864 intervenciones policiales desde principios de año.
Hay que saborear esta cifra.
Eso significa más de cuatro intervenciones por día. Día tras día. Semana tras semana. Mes tras mes. Coches de policía, controles, arrestos, redadas, luces azules, comunicados de prensa, informes de éxito. Un esfuerzo gigantesco, pagado por los contribuyentes, acompañado por políticos que demuestran determinación en cada oportunidad.
Y sin embargo, en Nantes siguen escuchándose disparos.
Aun así, las personas siguen muriendo.
Aun así, el narcotráfico prospera.
Algo no está bien.
Quizás los responsables deberían tener el valor de hacer la pregunta evidente: ¿Qué es exactamente lo que ha cambiado?
61 kilos de drogas confiscados. Cientos de arrestos. Armas aseguradas. Prohibiciones de estancia impuestas. Negocios cerrados.
Suena impresionante. Casi como el tráiler de una película de acción.
Pero mientras las estadísticas aumentan, los narcotraficantes parecen sorprendentemente tranquilos. Aparentemente poseen una habilidad notable: desaparecen por un momento, esperan el siguiente control policial y luego continúan como antes.
Casi se podría pensar que los criminales siempre están varios pasos por delante de las autoridades.
Uno o dos.
O diez.
Porque si después de cientos de intervenciones la gente sigue siendo asesinada en la calle, ya no se trata solo de un problema de seguridad. Estamos hablando de un sistema que se ha arraigado profundamente en ciertos barrios. De mundos paralelos que se impresionan muy poco con conferencias de prensa y anuncios marciales.
La verdad es incómoda.
Se puede eliminar un punto de venta.
Se pueden eliminar diez puntos de venta.
Se pueden eliminar cien puntos de venta.
Pero mientras las redes detrás sigan existiendo, es como intentar apagar un incendio forestal con un vaso de agua.
Por supuesto, se necesita policía. Por supuesto, los narcotraficantes deben ser perseguidos y las armas confiscadas. Nadie pide lo contrario.

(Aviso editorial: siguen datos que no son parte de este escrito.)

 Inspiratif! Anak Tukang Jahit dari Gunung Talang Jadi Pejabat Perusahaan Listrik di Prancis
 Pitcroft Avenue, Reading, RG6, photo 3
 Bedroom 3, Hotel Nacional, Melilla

Pero si los mismos problemas reaparecen año tras año, y si la violencia incluso aumenta, ya no basta con repetir las mismas cifras y esperar la siguiente gran intervención.

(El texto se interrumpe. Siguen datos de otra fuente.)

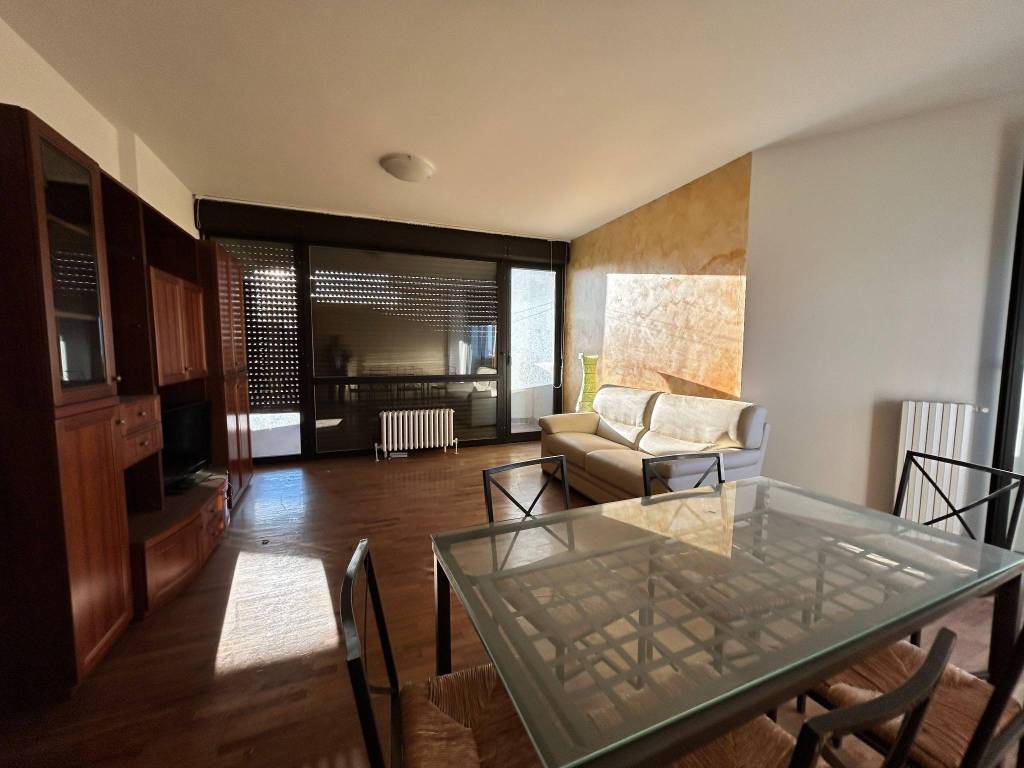 Appartamento a Bologna in Via Emilio Zago - Foto 2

Los ciudadanos de Nantes tienen derecho a la sinceridad.
Tienen derecho a saber por qué, a pesar de cientos de intervenciones, los tiroteos no desaparecen.
Tienen derecho a saber por qué barrios enteros siguen sufriendo bajo el dominio de grupos criminales.
Y tienen derecho a esperar más que estadísticas.
Porque tarde o temprano, cualquier informe de éxito pierde su brillo.
Al menos, cuando las balas siguen volando.
Después de 864 intervenciones, la situación no parece una victoria del Estado.
Sino la prueba de que el Estado lucha contra un problema que hasta ahora no ha logrado controlar realmente.
Ese es el auténtico mensaje detrás de este número.
Y por eso no debería tranquilizar a nadie.